## TASK INSTRUCTIONS
All lines from the one containing "2002 TOYOTA TACOMA" through the final line of the listing below, and no others, must be returned exactly; no pictures belong in the copy.

## DATA PROVIDED
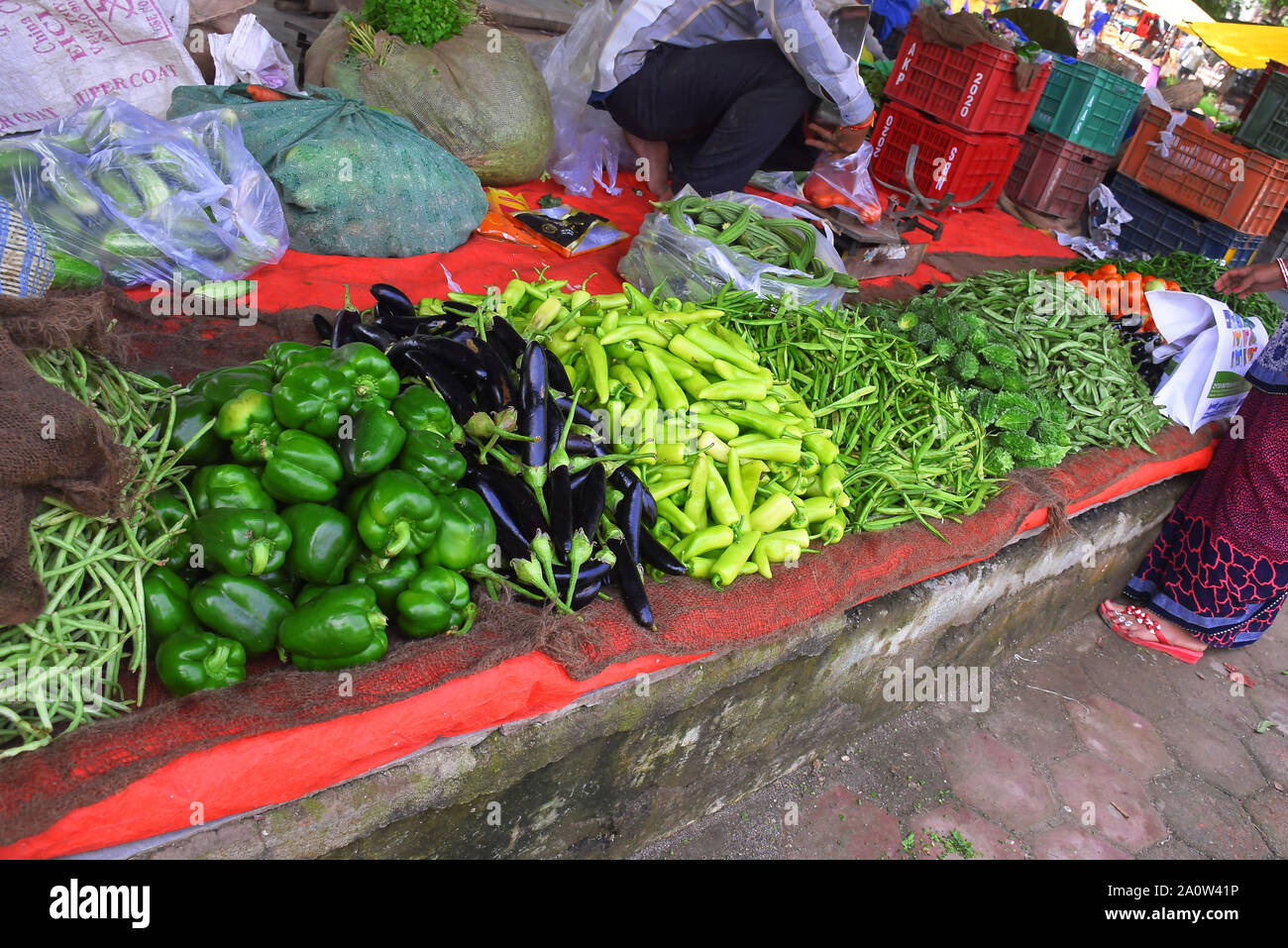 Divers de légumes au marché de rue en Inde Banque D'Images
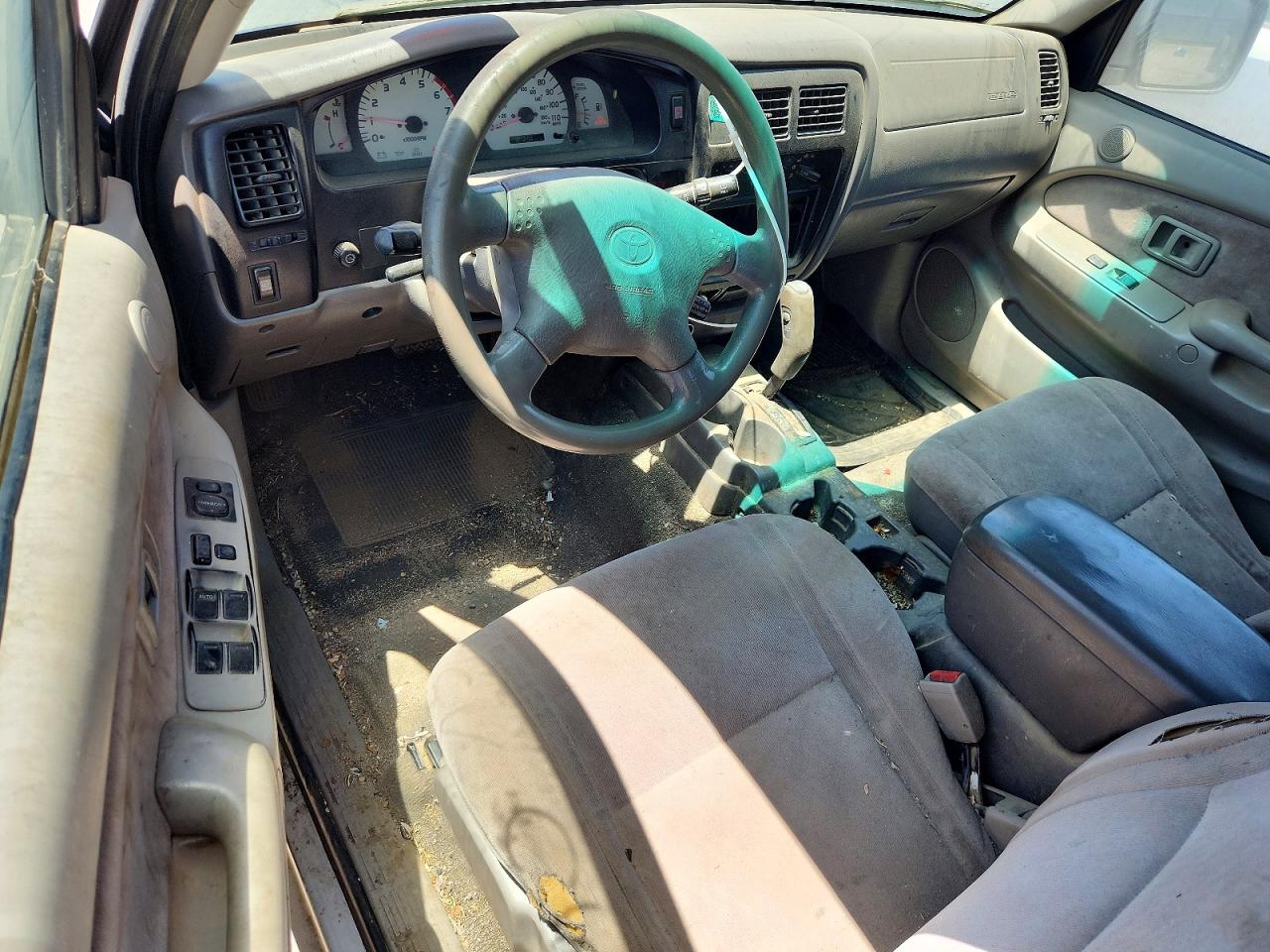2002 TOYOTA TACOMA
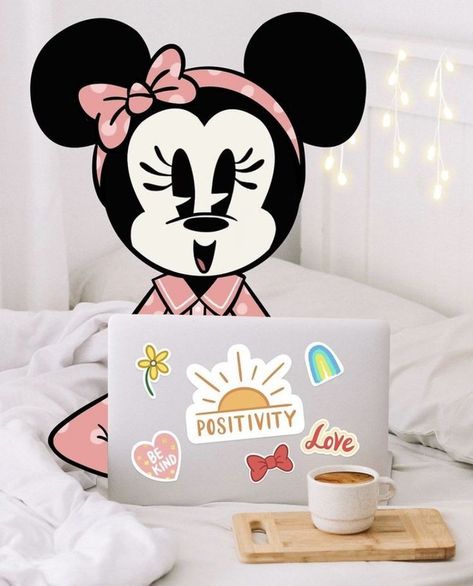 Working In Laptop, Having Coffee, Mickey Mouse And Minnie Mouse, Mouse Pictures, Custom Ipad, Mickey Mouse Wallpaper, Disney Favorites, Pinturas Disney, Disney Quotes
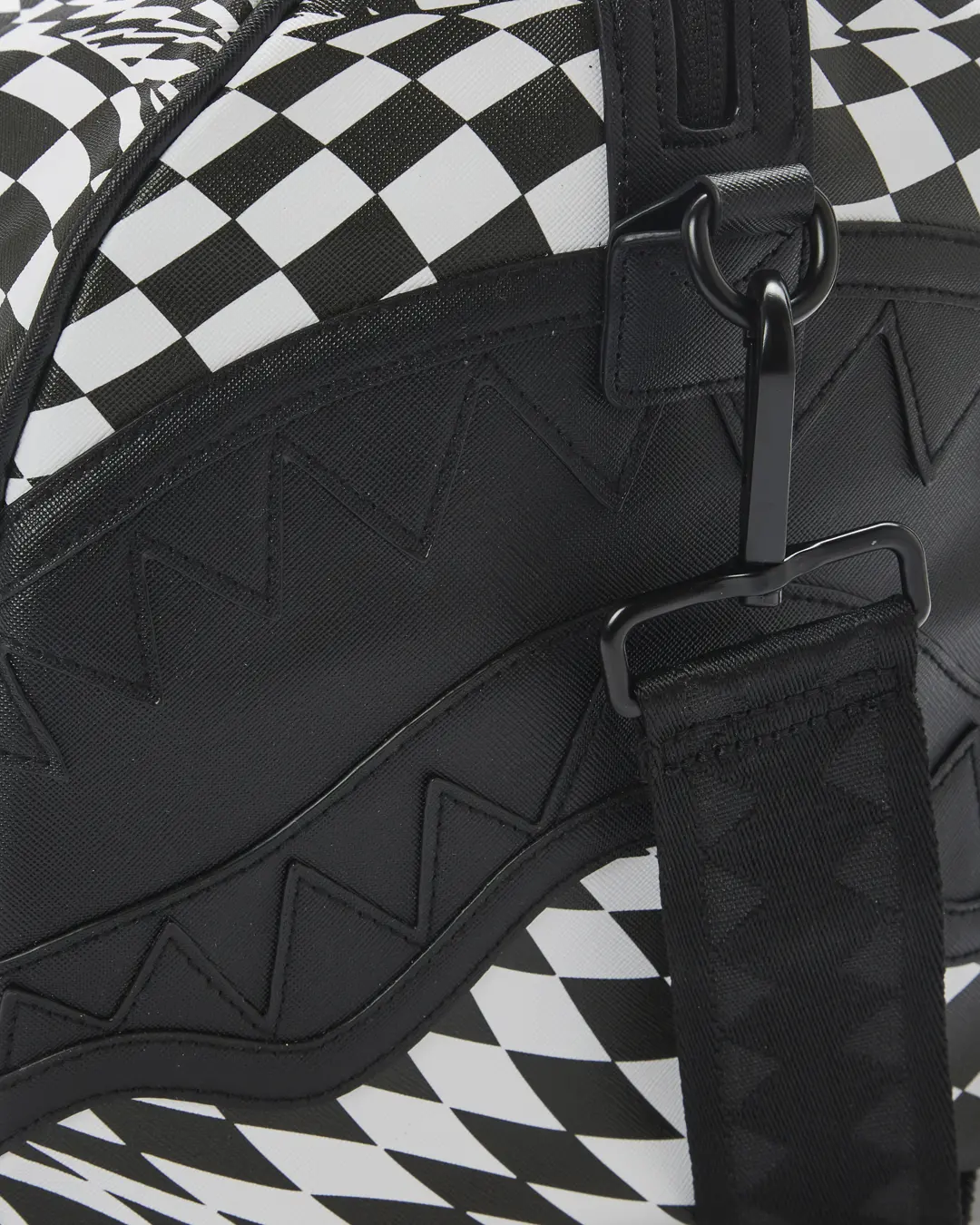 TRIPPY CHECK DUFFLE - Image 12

## REPLY TO THE TASK
2002 TOYOTA TACOMA
 Working In Laptop, Having Coffee, Mickey Mouse And Minnie Mouse, Mouse Pictures, Custom Ipad, Mickey Mouse Wallpaper, Disney Favorites, Pinturas Disney, Disney Quotes
 TRIPPY CHECK DUFFLE - Image 12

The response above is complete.